Googleが発表した最新の量子コンピューターチップ「ウィロー」は従来のスーパーコンピューターで「10の25乗年」を要するとされていた計算をわずか5分で処理できる。この発表後、投資家は沸き立った。間違いなくこの分野からテンハガーが生まれるはずだ。しかし、リスクもある。(鈴木傾城)
プロフィール:鈴木傾城(すずき けいせい)
作家、アルファブロガー。著書は『ボトム・オブ・ジャパン』など多数。政治・経済分野を取りあげたブログ「ダークネス」、アジアの闇をテーマにしたブログ「ブラックアジア」を運営、2019、2020、2022年、マネーボイス賞1位。 連絡先 : bllackz@gmail.com
10の25乗年かかる計算を5分で処理?
現在、ハイテク業界はAI(人工知能)によるイノベーションで、社会を大きく変えようとしているのだが、それとは別に新たなイノベーションが実用化に向けて着々と進んでいる。
量子コンピューターのことだ。
そもそも量子コンピューターとは何か。従来型のコンピューターは、「0」と「1」の2進数を用いてデータを処理するという基本的な仕組みに依存している。一方で、量子コンピューターは量子ビットを使用し、「0」と「1」だけでなく、その中間状態も同時に扱うことができる。
この特性により、従来型のコンピューターでは不可能だった膨大なデータ処理や複雑な計算が可能になる。
その威力を象徴するのが、Googleが発表した最新の量子コンピューターチップ「ウィロー」である。
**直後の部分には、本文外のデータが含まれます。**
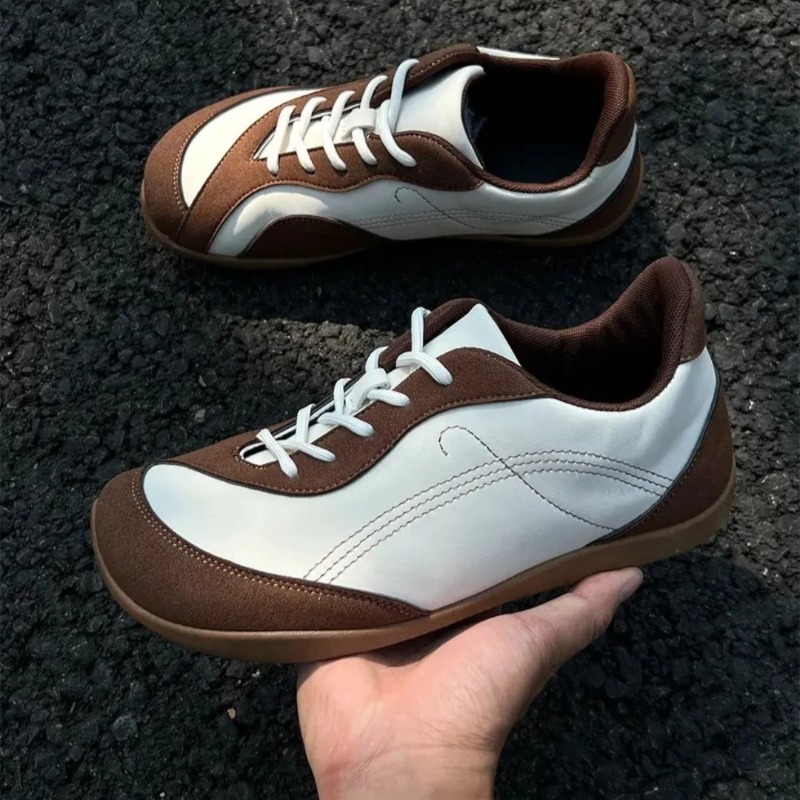 Original Brand Weight Lifting  - đánh giá và giá Weightlifting Shoes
このチップは、従来のスーパーコンピューターで「10の25乗年」を要するとされていた計算をわずか5分で処理できるという。
この発表後、投資家は沸き立った。このような進展は、科学技術分野だけでなく、経済や社会全体に多大な影響を及ぼす可能性を秘めている。Googleの株価は約5%上昇し、量子コンピューターへの注目度がさらに高まっていった。
医薬品の開発、気候変動の予測、金融モデリングといった分野では、複数のパラメータを同時に解析する能力が求められる。量子コンピューターは、これらの複雑な問題に対して、従来の方法では達成不可能だったスピードと正確さで解決策を提示できる。
とはいえ、量子コンピューターの実用化は、まだまだ始まったばかりであり、この技術が一般社会に降りてくるのは来年、再来年の話ではない。もっと先だ。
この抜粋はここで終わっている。